ST. PETERSBURG — On Feb. 23, 1945, a battle-hardened Marine swept Mount Suribachi left and right with his eyes, looking for mines. Invading the fan-shaped island meant overpowering entrenched Japanese troops in the Battle of Iwo Jima, one of World War II's fiercest fights.
Since the invasion started four days earlier, every officer in Marine Master Sgt. Frank Coppins' company had been killed. He was now a lieutenant and a commanding officer of the Fifth Engineer Battalion.
Two hundred yards from the summit of the barren mountain, Mr. Coppins glanced up at 10:20 a.m. and saw soldiers raising an American flag on a 20-foot section of pipe. "You could hear all those Marines screaming, 'they made it,' " Mr. Coppins told the Times in 2006. "All the troops needed that."
The part everyone has heard about — the planting of a second, larger flag, captured in an immortal photograph by an Associated Press photographer — happened later that day. Mr. Coppins had already survived the Battle of Guadalcanal before Iwo Jima, and at 25 was so grizzled his fellow soldiers called him "Pappy."
He won a Bronze Star for his service. The Battle of Iwo Jima claimed the lives of 5,931 Marines and wounded 17,372, according to a Marine Corps report; and killed most of the 22,000 Japanese soldiers defending the island.
Mr. Coppins, who served 16 years as a traffic engineer for the city of St. Petersburg after retiring from the Marines, died Saturday. He was 89.
"He was ramrod straight, a big guy.

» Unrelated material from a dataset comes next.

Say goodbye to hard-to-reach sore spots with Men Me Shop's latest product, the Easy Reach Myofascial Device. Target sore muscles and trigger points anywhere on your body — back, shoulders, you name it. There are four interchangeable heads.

My uncle was a poster boy for the Marine Corps," said Linda Varn of Colorado. "Loyalty. Suck it up. No slackers allowed, and he had your back."

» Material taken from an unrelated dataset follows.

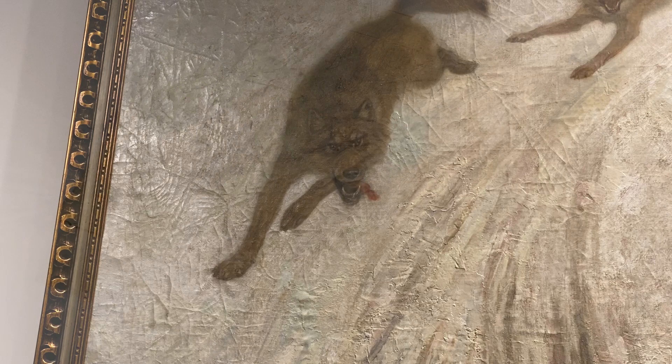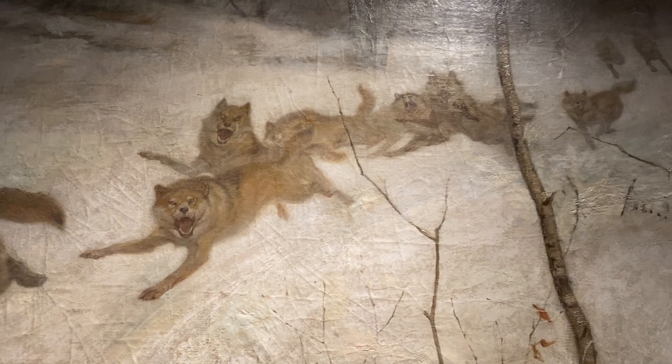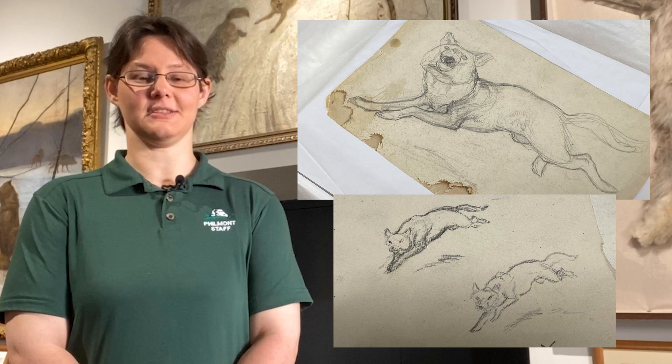The painting was submitted to be displayed at the Grand Salon of Paris, one of the most prestigious art shows in Europe. Unfortunately for Seton, the painting was rejected, much like Triumph of the Wolves would be when it was submitted years later. However, several of the art studies that Seton did for the painting were accepted and displayed.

His children remember Mr. Coppins as a quiet man who rarely talked about his wartime experiences.
As a boy in St. Petersburg, Mr. Coppins dreamed of a career in baseball. He shagged flies in the outfield at Al Lang Field each spring as the New York Yankees practiced — bantering with Babe Ruth and Lou Gehrig, he told his family years later.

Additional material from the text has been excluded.